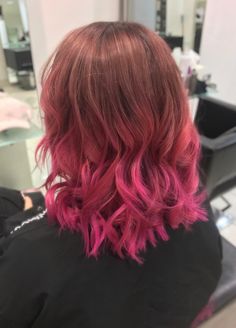 Short Hair With Pink Ends, Bright Pink Balayage, Hot Pink Balayage, Black Hair Pink Highlights, Balayage Curls, Dyed Ends Of Hair, Short Light Brown Hair, Pink Hair Streaks, Red Bob Hair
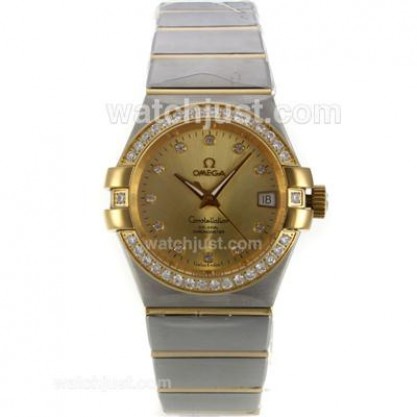 Perfect UK Omega Constellation Automatic Replica Watches With Champagne Dials For Women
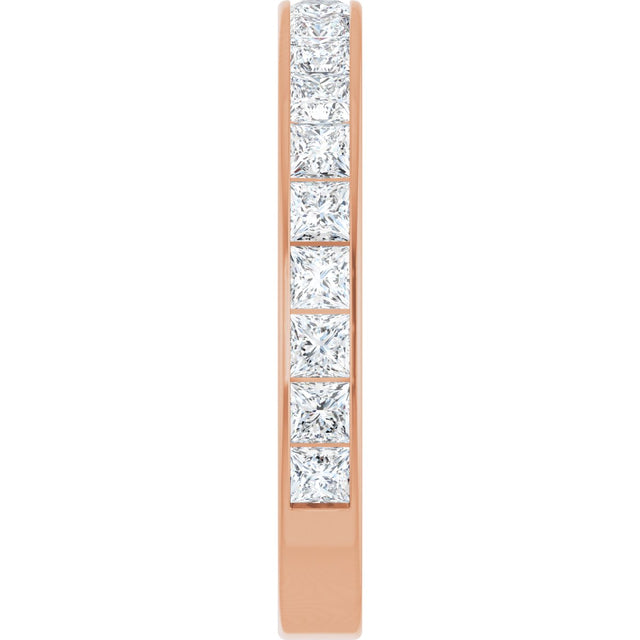 14K Gold Square Natural Diamond Channel-Set Anniversary Band – 3x3 mm Stones - Rose Gold - view 4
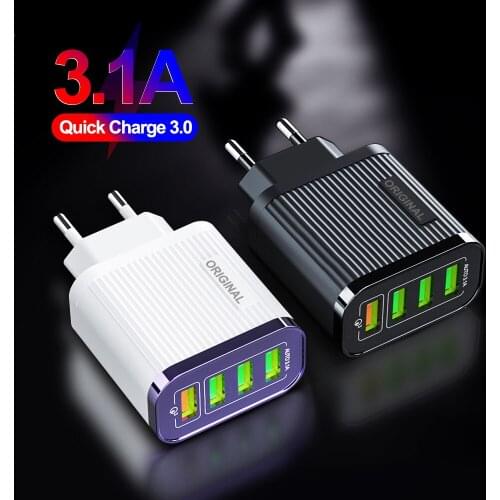 4 puertos USB cargador de carga rápida 3,0 para iPhone 12 Pro Max Xiaomi Samsung Huawei S20 S10 de la UE/enchufe móvil adaptador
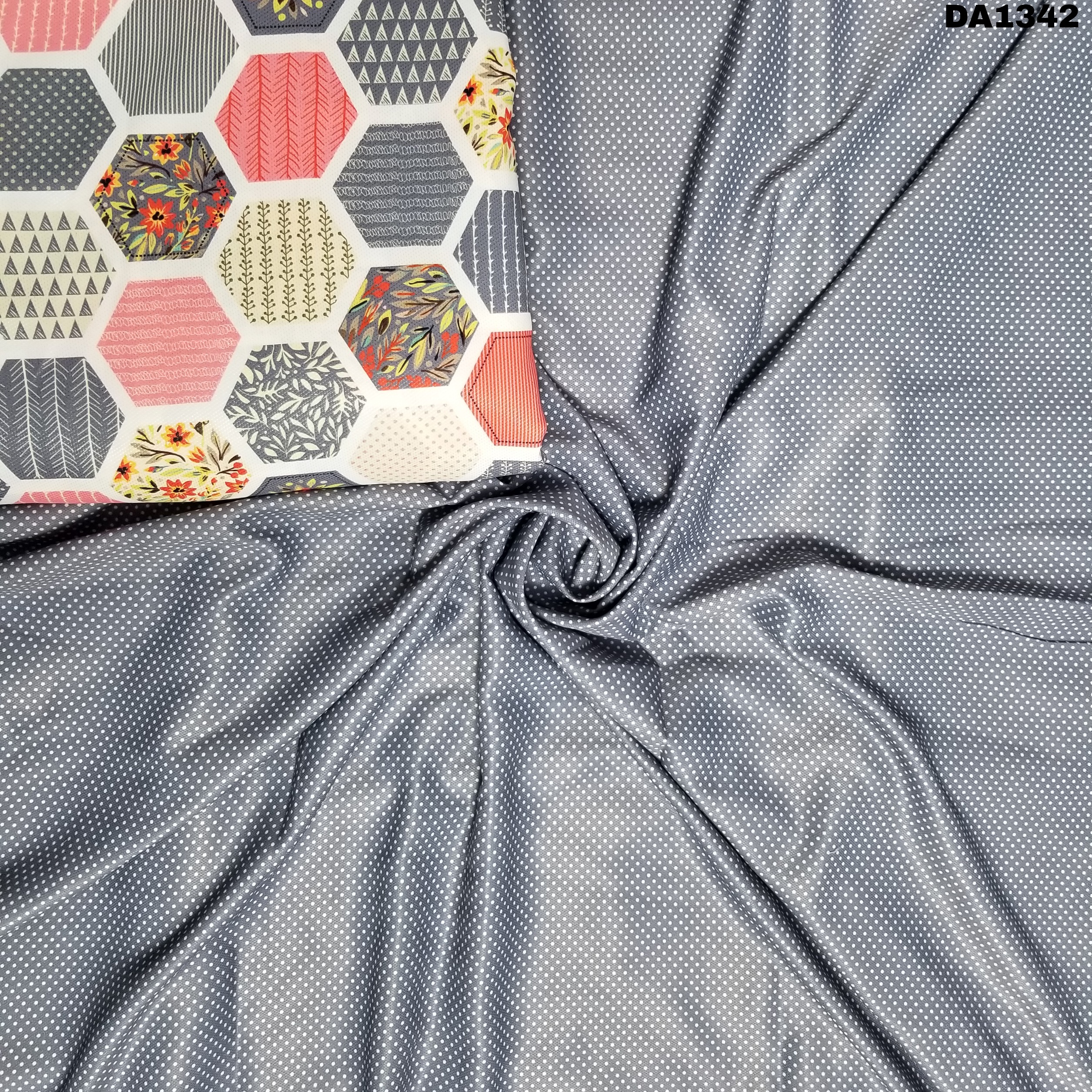 Silver Line Digital Print Fabric - 58 Inch Wide | Washable, Ideal For Garments, Vibrant Colors As Shown In Images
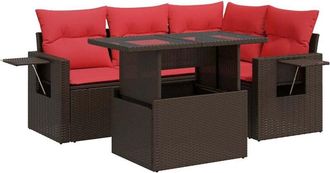 vidaXL 5 Piece Garden Sofa Set with Cushions Brown Poly Rattan Acacia Vidaxl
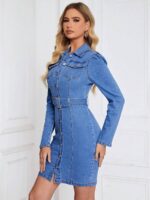 Rochie Scurta Derlina din Denim - imagine 3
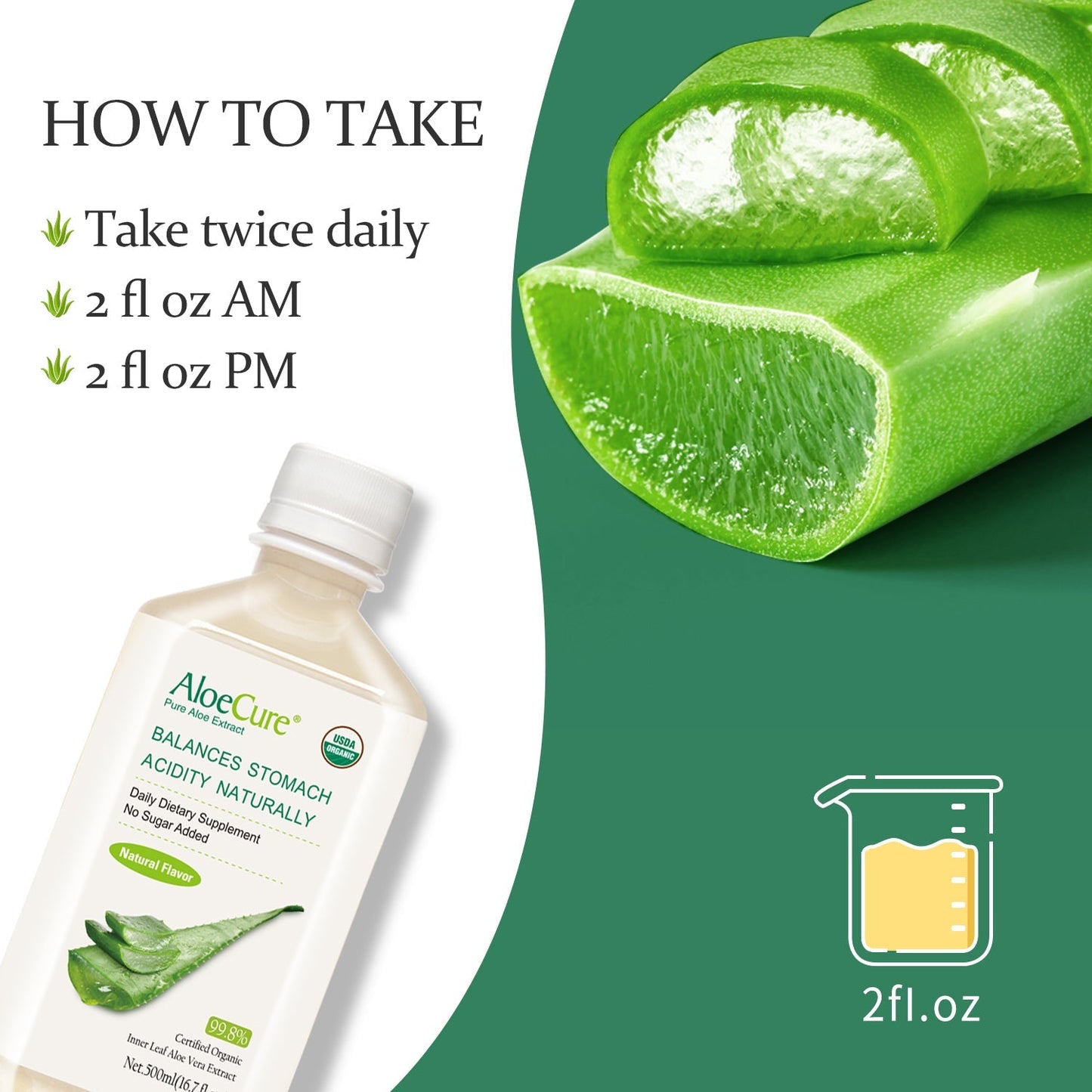 Pure Aloe Vera Juice Natural Flavor - USDA Certified Organic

========================

What you will do:
Write out the whole listing exactly. Pictures stay out.

Result of the task:
 Short Hair With Pink Ends, Bright Pink Balayage, Hot Pink Balayage, Black Hair Pink Highlights, Balayage Curls, Dyed Ends Of Hair, Short Light Brown Hair, Pink Hair Streaks, Red Bob Hair
 Perfect UK Omega Constellation Automatic Replica Watches With Champagne Dials For Women
 14K Gold Square Natural Diamond Channel-Set Anniversary Band – 3x3 mm Stones - Rose Gold - view 4
 4 puertos USB cargador de carga rápida 3,0 para iPhone 12 Pro Max Xiaomi Samsung Huawei S20 S10 de la UE/enchufe móvil adaptador
 Silver Line Digital Print Fabric - 58 Inch Wide | Washable, Ideal For Garments, Vibrant Colors As Shown In Images
 vidaXL 5 Piece Garden Sofa Set with Cushions Brown Poly Rattan Acacia Vidaxl
 Rochie Scurta Derlina din Denim - imagine 3
 Pure Aloe Vera Juice Natural Flavor - USDA Certified Organic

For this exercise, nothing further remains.